[openstack-dev] [stable][infra][qa] Preparing 2014.2.4 (Juno) WAS Re: [Openstack-operators] [stable][all] Keeping Juno "alive" for longer.
Kuvaja, Erno
kuvaja at hpe.com
Fri Dec 4 10:58:06 UTC 2015
> -----Original Message-----
> From: Jeremy Stanley [mailto:fungi at yuggoth.org]
> Sent: Wednesday, December 02, 2015 8:34 PM
> To: OpenStack Development Mailing List (not for usage questions)
> Subject: Re: [openstack-dev] [stable][infra][qa] Preparing 2014.2.4 (Juno)
> WAS Re: [Openstack-operators] [stable][all] Keeping Juno "alive" for longer.
>
> [Apologies for the delayed reply, after more than a week without Internet
> access it's taking me more than a week to catch up with everything on the
> mailing lists.]
>
> On 2015-11-20 10:21:47 +0000 (+0000), Kuvaja, Erno wrote:
> [...]
> > So we were brainstorming this with Rocky the other night. Would this
> > be possible to do by following:
> >
> > 1) we still tag juno EOL in few days time
>
> Hopefully by the end of this week, once I finish making sure I'm up to speed
> on everything that's been said while I was out (anything less would be
> irresponsible of me).
>
> > 2) we do not remove the stable/juno branch
>
> As pointed out later in this thread by Alan, it's technically possible to use a tag
> instead of a branch name (after all, both are just Git refs in the end), and
> deleting the branch sends a clearer message that there are no new commits
> coming for stable/juno ever again.
>
> > 3) we run periodic grenade jobs for kilo
> >
> > I'm not that familiar with the grenade job itself so I'm doing couple
> > of assumptions, please correct me if I'm wrong.
> >
> > 1) We could do this with py27 only
>
> Our Grenade jobs are only using Python 2.7 anyway.
>
> > 2) We could do this with Ubuntu 1404 only
>
> That's the only place we run Grenade now that stable/icehouse is EOL (it was
> the last branch for which we supported Ubuntu 12.04).
>
> > If this is doable would we need anything special for these jobs in
> > infra point of view or can we just schedule these jobs from the pool
> > running our other jobs as well?
> >
> > If so is there still "quiet" slots on the infra utilization so that we
> > would not be needing extra resources poured in for this?
> >
> > Is there something else we would need to consider in QA/infra point of
> > view?
> [...]
>
> There are no technical Infra-side blockers to changing how we've done this in
> the past and instead continuing to run stable/kilo Grenade jobs for some
> indeterminate period after stable/juno is dead, but it's also not (entirely) up
> to Infra to decide this. I defer to the Grenade maintainers and QA team to
> make this determination, and they seem to be pretty heavily against the
> idea.
>
> > Big question ref the 2), what can we do if the grenade starts failing?

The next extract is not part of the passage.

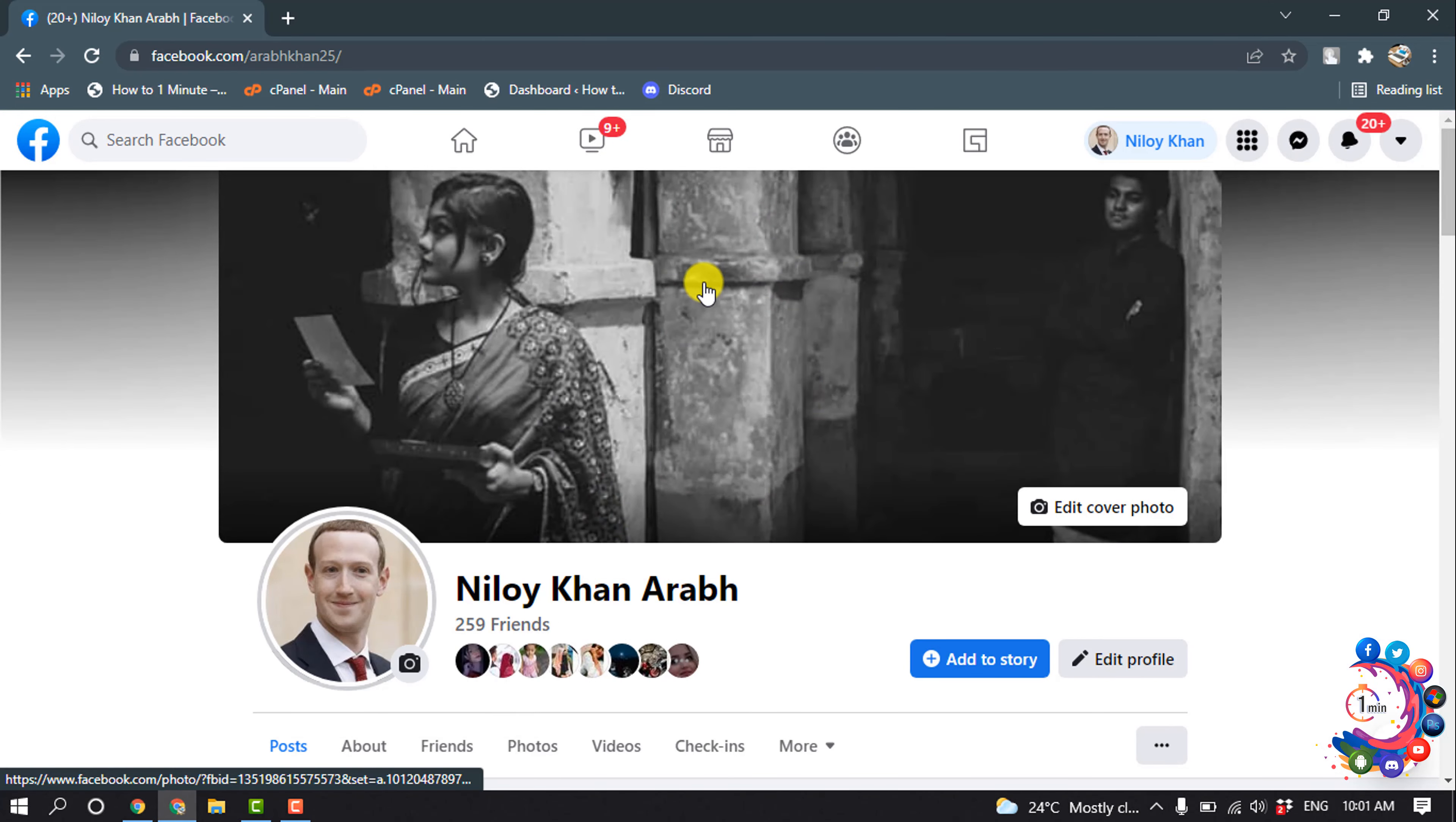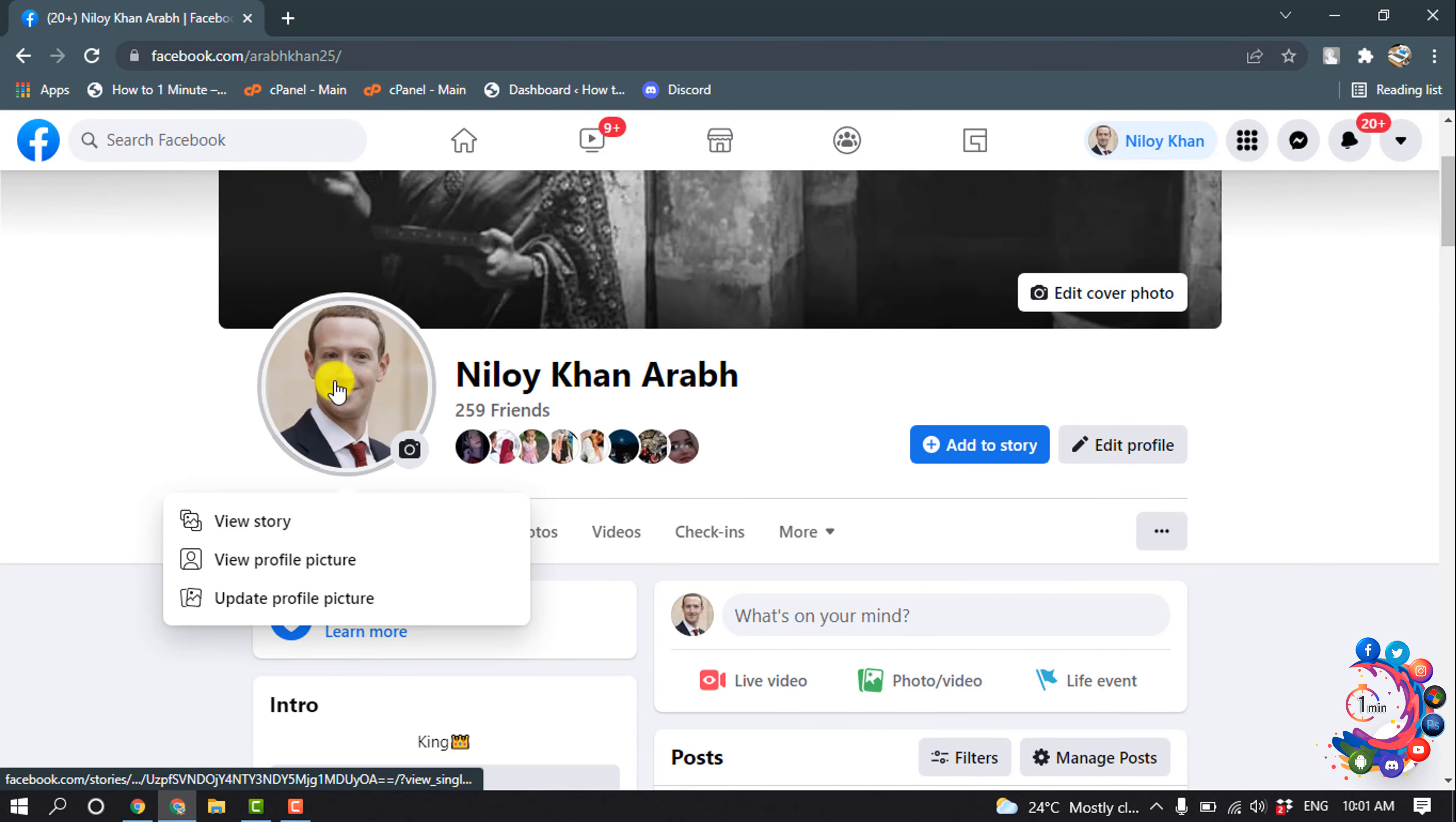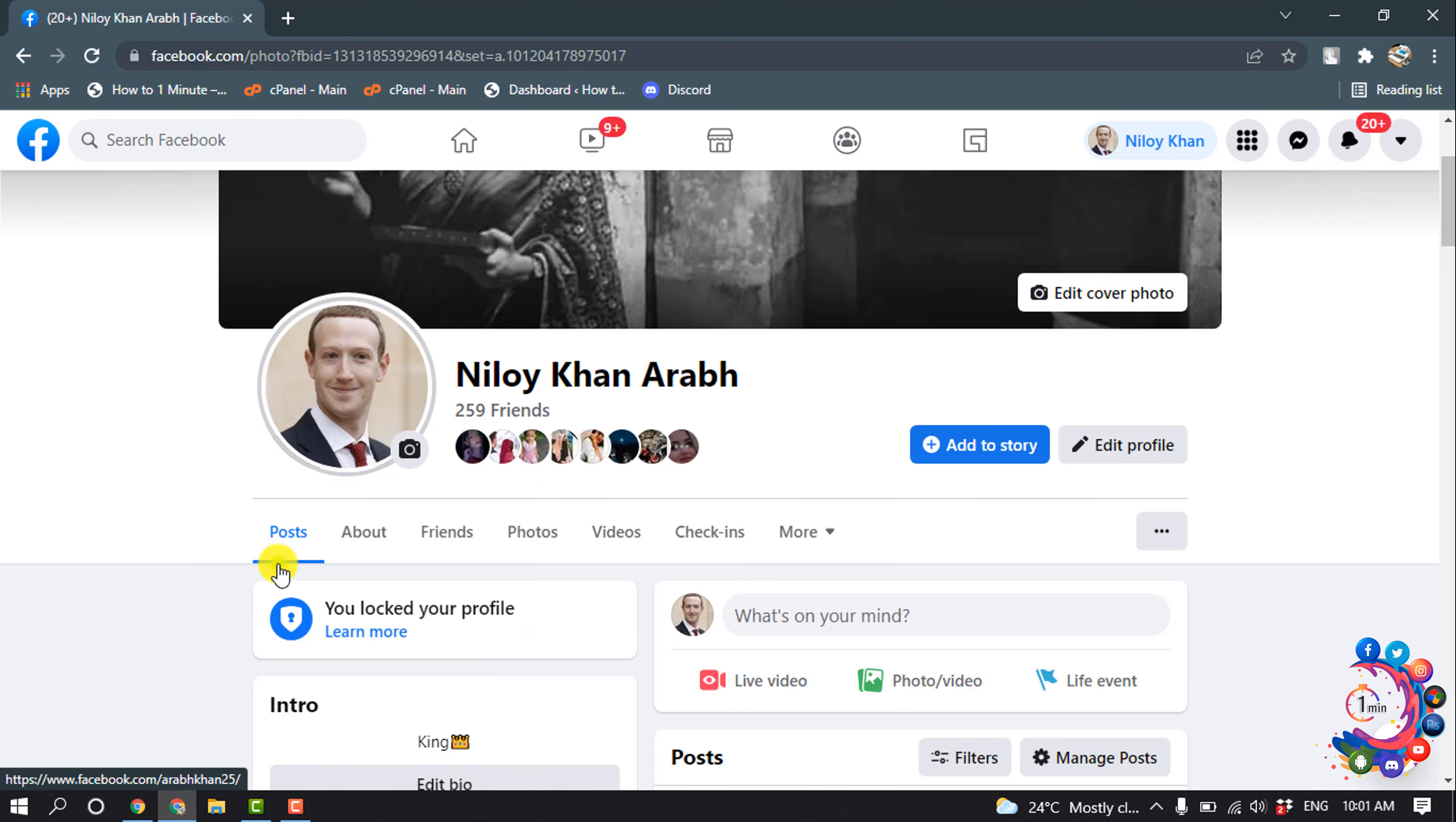So first of all, open your Facebook profile and then click on your profile picture and click on View Profile Picture.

> > In theory we won't be merging anything to kilo that _should_ cause
> > this and we definitely will not be merging anything to Juno to fix
> > these issues anymore. How much maintenance those grenade jobs
> > themselves needs?
>
> That's the kicker. As I explained earlier in the thread from which this one
> split, keeping Juno-era DevStack and Tempest and all the bits on which they
> rely working in our CI without being able to make any modifications to them
> is intractable (mainly because of the potential for behavior changes in
> transitive dependencies not under our control):
>
> http://lists.openstack.org/pipermail/openstack-dev/2015-
> December/081109.html
>
> > So all in all, is the cost doing above too much to get indicator that
> > tells us when Juno --> Kilo upgrade is not doable anymore?
>
> Yes. This is how we arrived at the EOL timeline for stable/juno in the first
> place: gauging our ability to keep running things like DevStack and Tempest
> on it. Now is not the time to discuss how we can keep Juno on some
> semblance of life support (that discussion concluded more than a year ago),
> it's time for discussing what we can implement in Mitaka so we have more
> reasonable options for keeping the stable/mitaka branch healthy a year from
> now.
> --
> Jeremy Stanley
Thanks for two detailed reply Jeremy!
I think this (and the one you replied to Rocky) gives enough background in compact package for interested parties to start focusing their efforts to the direction they seem appropriate. Let's see where we are in a year's time.